After pitting, the next step in cherry processing is freezing. Cherries are frozen with an IQF or Individual Quick Freeze process. Using this process, the cherries are individually frozen so that they will not stick together. The cherries are then transported for storage until later in the season.
One of the processing steps deferred until later in the season is slicing. Slicing is performed while the cherries are still frozen. The cherries are then canned or deposited into freezer bags for transport.
Traditional methods for slicing a cherry include the use of a 5-inch rotating cutting wheel. For this method, individual cherries are directed along a transport to the cutting wheel. The cutting wheel then engages the cherry to slice it in two. This method has considerable drawbacks. The blade must be very thin to produce a smooth incision into the fruit without significant deformation thereto. A relatively sharp blade must also be used to penetrate the thin, taut skin of the fruit and the softer pulp. Unfortunately, metal blades have a tendency to dull with continued use. Constant resharpening is thereby required.
Due to the drawbacks of the pitting technology, a small percentage of cherries pass to the cutting wheel with the pit still inside. Consequently, as the rotating blade contacts the pit, the pit is either sliced or shattered into a plurality of separate pieces. These separate pieces are difficult to remove from the cherry mixture. Ultimately, these pit fragments find their way to the consumer. Dullness of the rotating blade is also accelerated through contact with the pit. This requires additional sharpening and increases the associated down time.
A more serious problem occurs as the cutting wheel contacts the cherry pit. Metal fragments may be chipped from the rotating blade. Metal fragmentation severely decreases the useful life of the cutting wheel. Additionally, metal fragments pose a serious health risk due to the potential for consumer ingestion.
Water jet technology has previously been used in food processing applications. In one application, a modified water jet is used to remove the pits from olives. The oblong olives are first positioned in a holding rack while a thin stream of water shoots along the longitudinal axis in a circular direction. The water stream cuts a tubular section through the olive which surround the pit. This tubular section is then separated from the remaining olive portion with a mechanical or water stream punch.

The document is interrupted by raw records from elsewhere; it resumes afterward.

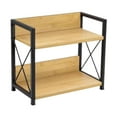 thumbnail image 1 of GROWTH TANK Desktop Organizer Men Spice Rack Tabletop Stand Display Shelf Desk Bookshelf light brown, 1 of 9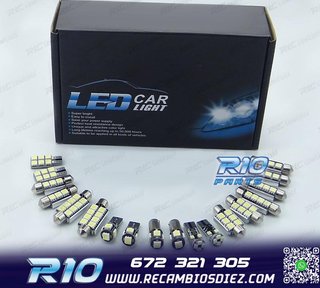 KIT DE 8 BOMBILLAS LED INTERIOR LUCES DE LECTURA PARA SEAT I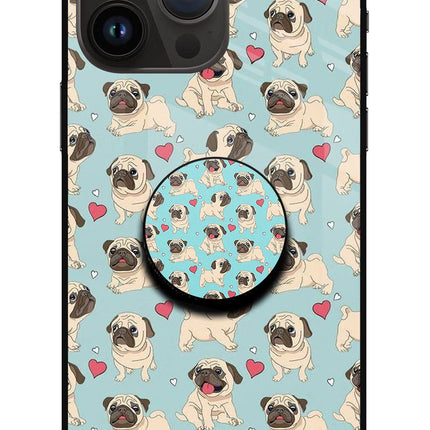 Pug Dog iPhone 14 Pro Max Glass Case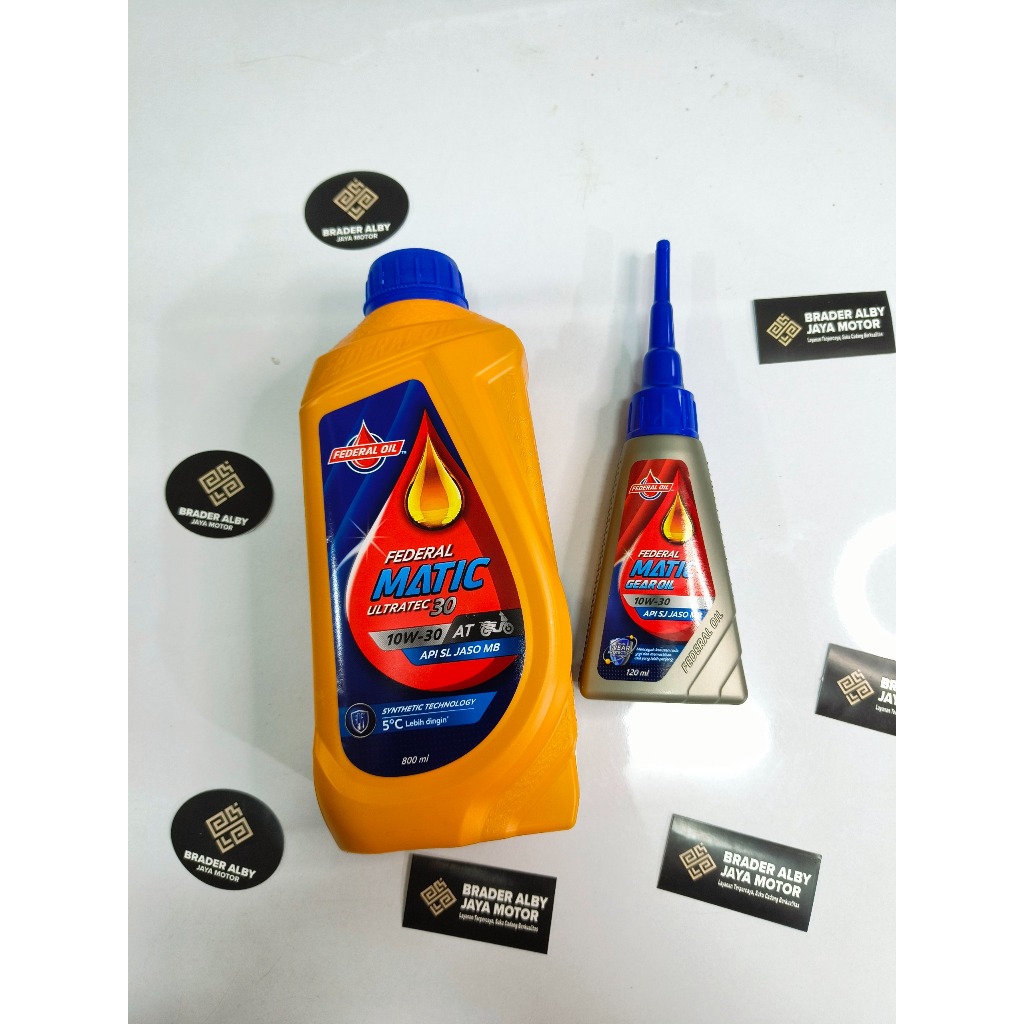 OLI FEDERAL MATIC (ORANGE) + GRATIS OLI GARDAN OLI GEAR FEDERAL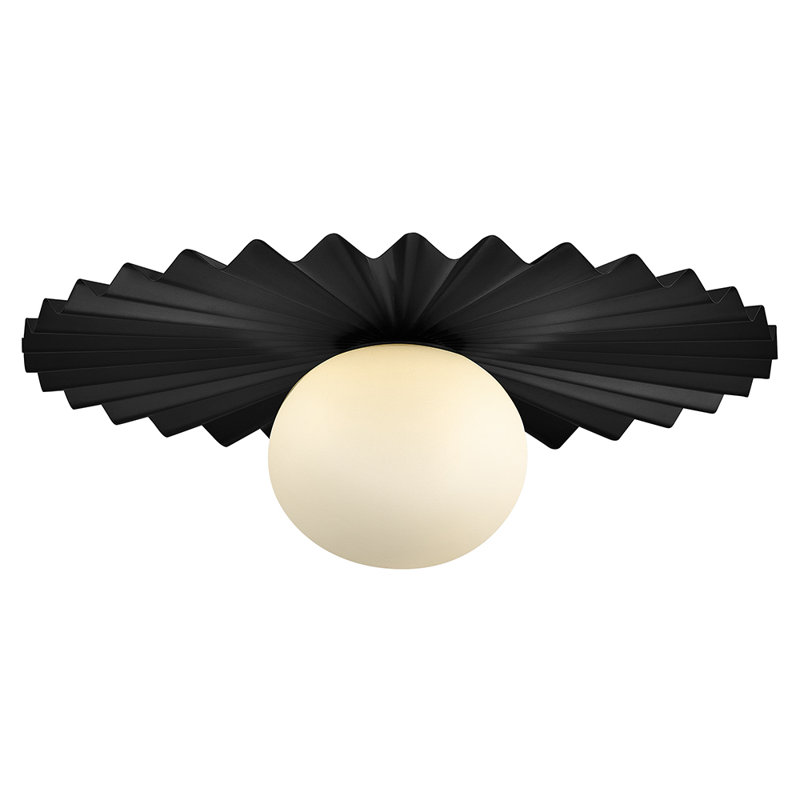 Plafonnier encastré moyen Stevie, Noir, H 5,5 po x l 13,75 po x P 13,75 po
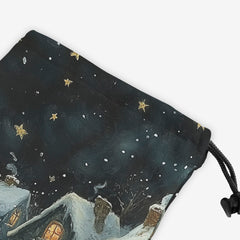 Festive Penguins Dice Bag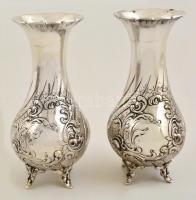 Ezüst váza pár. Jelzett / Silver vase pair. 230 g, 12 cm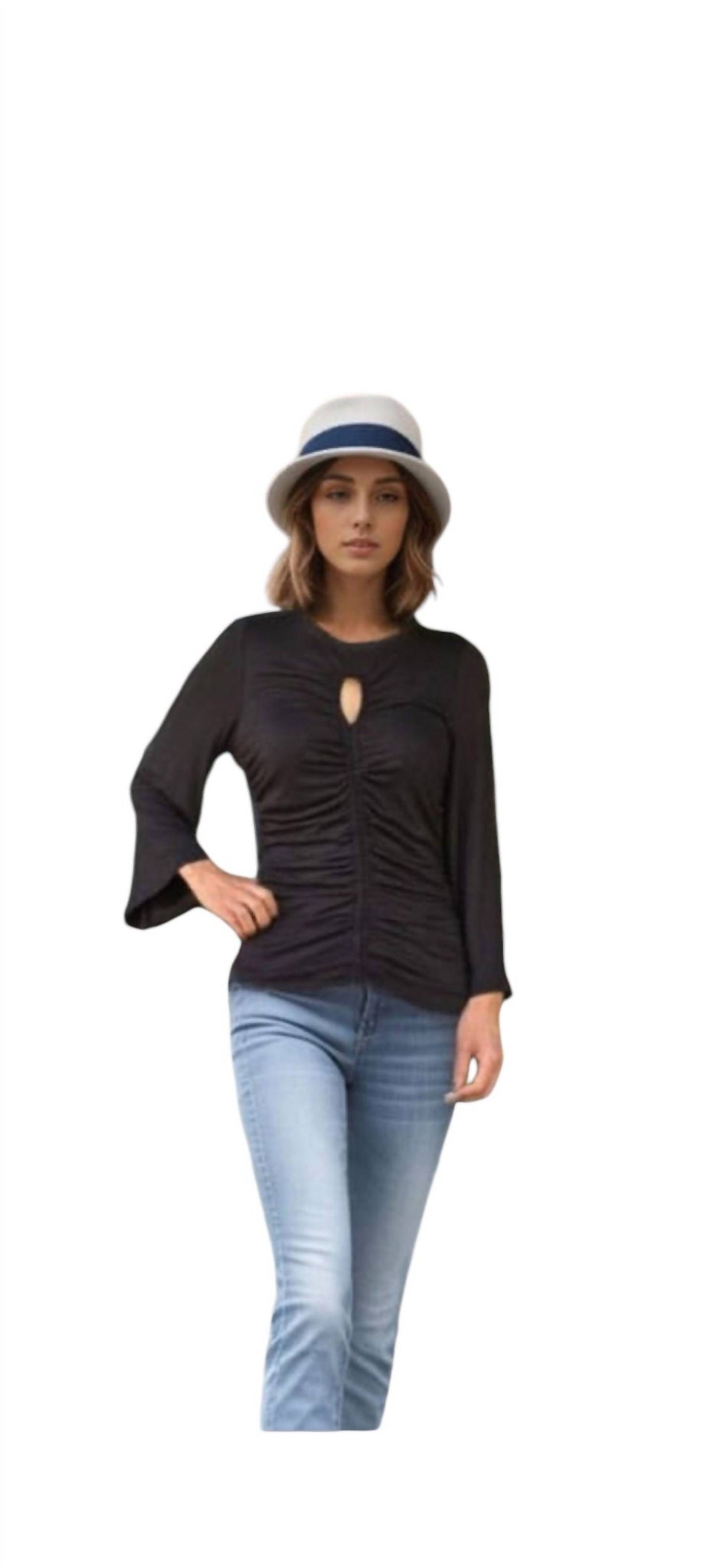 Anais Front Key Hole Top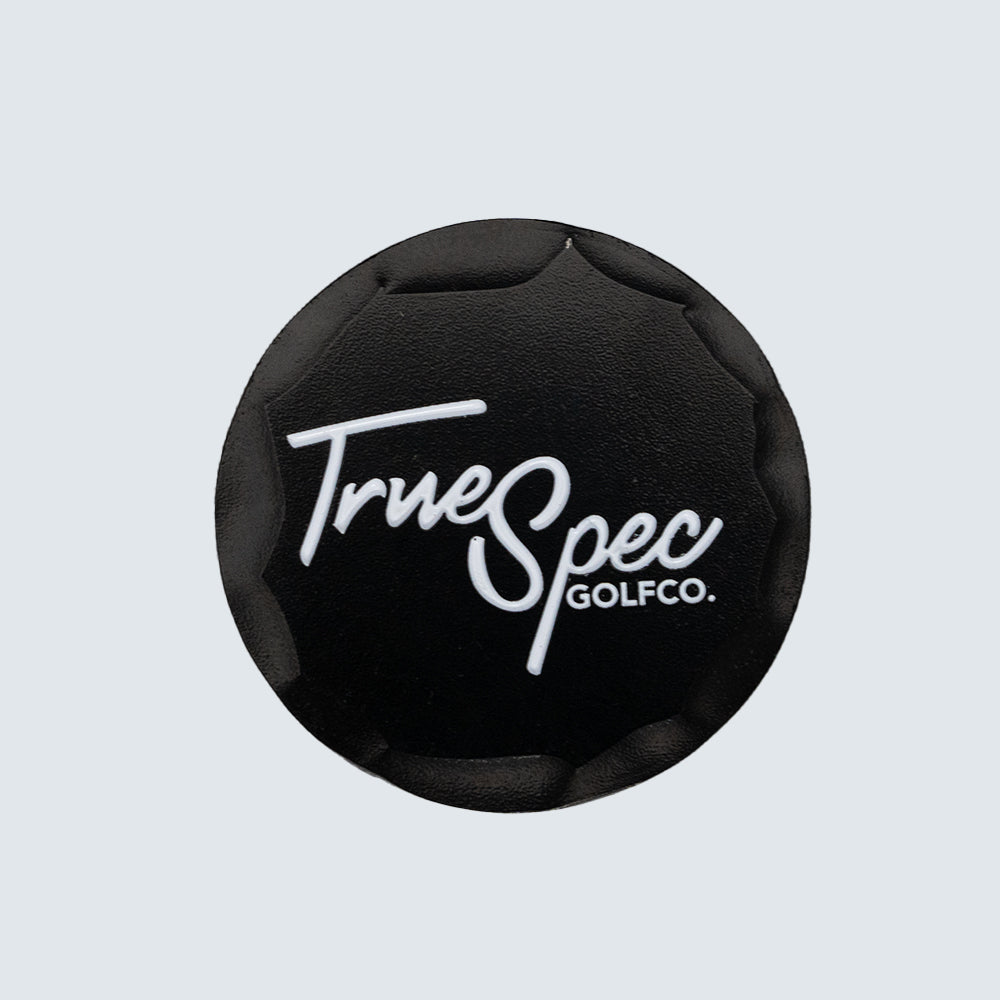 True Spec Chiseled Golf Ball Marker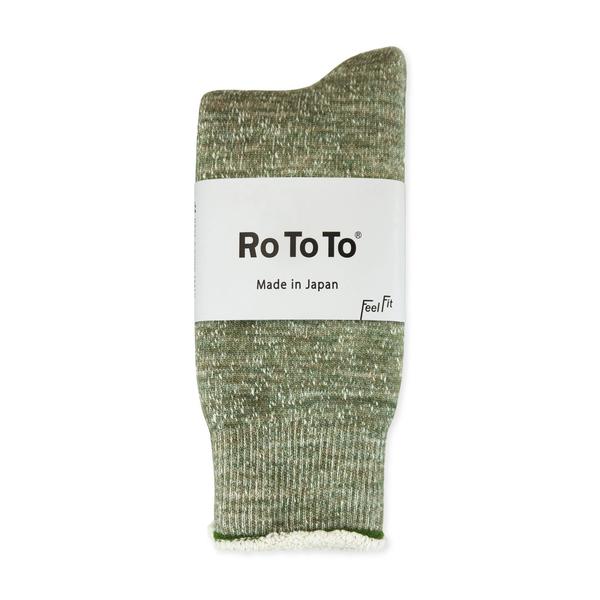 rototo-double-face-merino-socks-army-green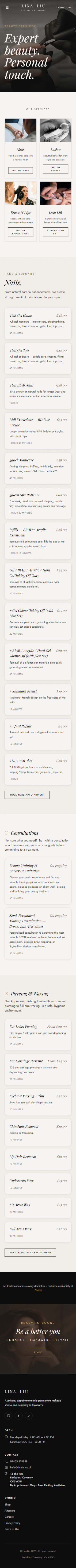 Beauty Services — Mobile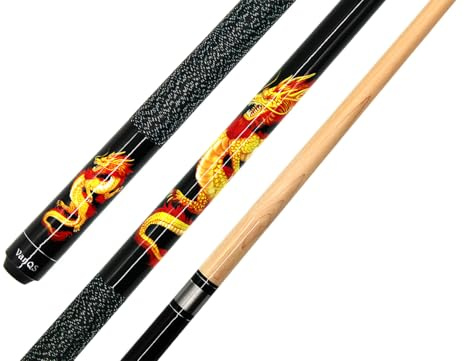 BILMAG Billardqueue Pool Queue Dragon, 2-TLG, 145cm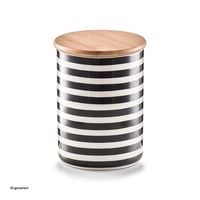 Produktbild: neuetischkultur Vorratsdose mit Bambusdeckel Stripes Vorratsdose mit Bambusdeckel Stripes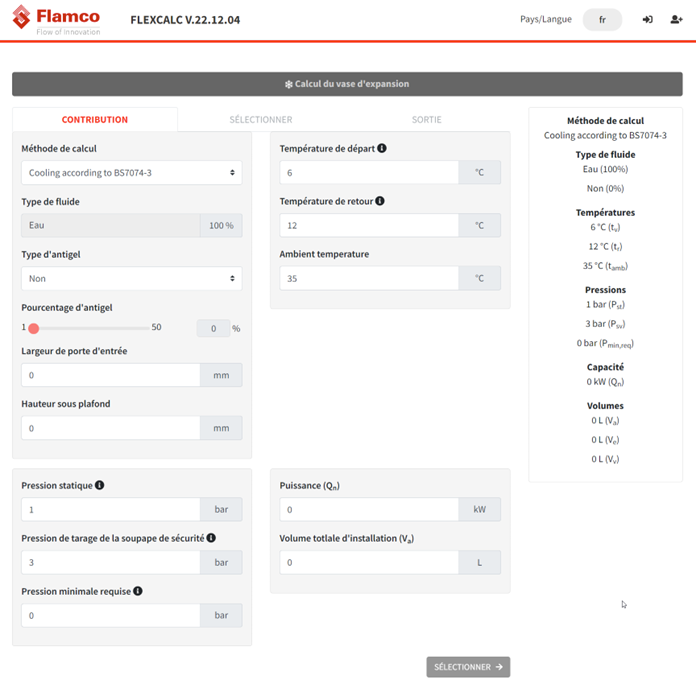 logiciel flexcalc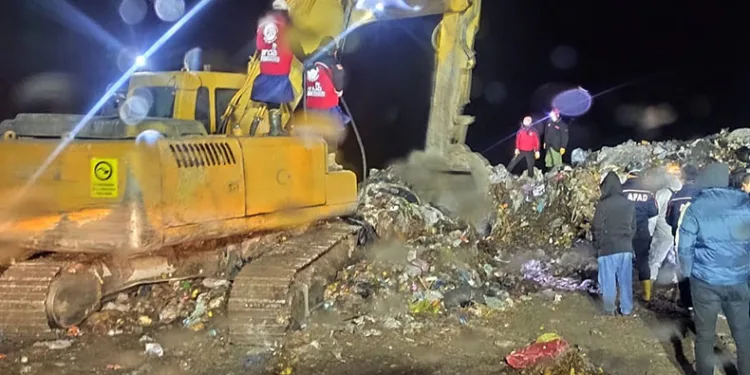 Belediye işçisi çöplükte kayboldu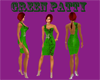 green patty dress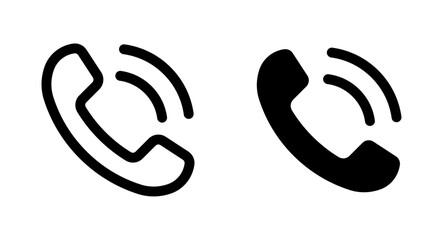 Fototapeta premium Ringing phone icon set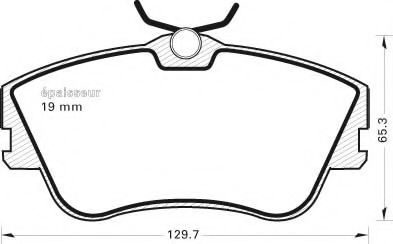 MGA 364 Тормозные колодки для VOLKSWAGEN (Фольксваген) MGA 364 Тормозные колодки для VOLKSWAGEN (Фольксваген)
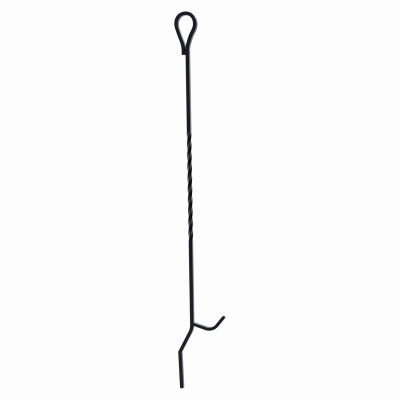 40" BLK Fireplace Poker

The operation of this mechanism is fairly complex and requires substantial maintenance. The olive must also be extensively manipulated to fit within the holding rack. This mechanism does not readily lend itself to the cherry processing industry due to the irregular pit size and differences in fruit shape. Specifically, since the cherry is generally round, the force of the fluid stream has the tendency of dislodging the cherry from the holding rack.
Water jet technology has also been used for slicing other foods such as frozen pies. The frozen pies are arranged on a grid as a water carriage cuts the desired sections. Since the pies are relatively heavy, the water stream can efficiently slice the pies without dislodging them from the grid. This type of mechanism is also inapplicable to the cherry processing industry due to the tendency of the cherries to dislodge from the grid under force from the fluid jet.